Today, I returned home from the funeral parlor where my niece lies in her casket, that sweet little girl with the mop of curly hair that had enriched my life so many times in her childhood. Great clusters of family and friends gathered in groups, taking comfort in each other. This is the purpose of funerals, I guess, making them less morbid, just paying respects and leaning on each other for support.
When my sister-in-law, Jewell, died, she didn't want a funeral. So, respecting her wishes, her son, Billy, simply held a Memorial Service at her graveside. I will never forget it. It was a beautiful summer evening. It had rained, but the sun peeped out and the clouds left the scene, as though on cue. Billy had provided music, and the hymns rang out over the rural cemetery where Jewell is buried. Then a minister gave a brief speech as the sun sank into the horizon, sending a golden glow over the mourners gathered to pray. It was a peaceful, beautiful moment.
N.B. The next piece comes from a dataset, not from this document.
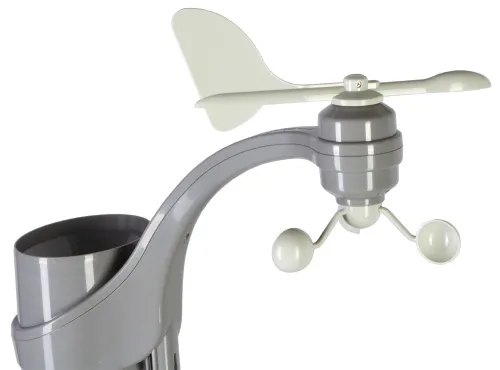 image Bresser ClimaTemp XXL Weather Station, wooden look,  11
However we reach our ultimate resting places, we cannot avoid our deaths. My friend, the Monk, Father Richard, tells me "Do not dread...do not look forward to...your death! Instead, celebrate your life!" This makes sense to me, but would be easier to accomplish without funerals to attend and the loss of loved ones to bear. Then thoughts of those already gone and thoughts of leaving this earth to join them are as natural as the breath you draw.
My spoke on the Wheel must be withered now, just a few petals left on the flowers, but look how colorful they are in the fading light, still clinging to life with an unshakable will, still determined to bloom until they finally drop, dried and brown, to sleep on the bosom of the earth.